Dataset excerpt =
════════════════════
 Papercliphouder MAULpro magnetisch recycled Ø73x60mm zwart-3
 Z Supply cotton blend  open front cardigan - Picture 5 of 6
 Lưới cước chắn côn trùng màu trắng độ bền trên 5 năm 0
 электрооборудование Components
════════════════════
Work instruction =
The task requires an exact copy of all the lines above.

Reply =
 Papercliphouder MAULpro magnetisch recycled Ø73x60mm zwart-3
 Z Supply cotton blend  open front cardigan - Picture 5 of 6
 Lưới cước chắn côn trùng màu trắng độ bền trên 5 năm 0
 электрооборудование Components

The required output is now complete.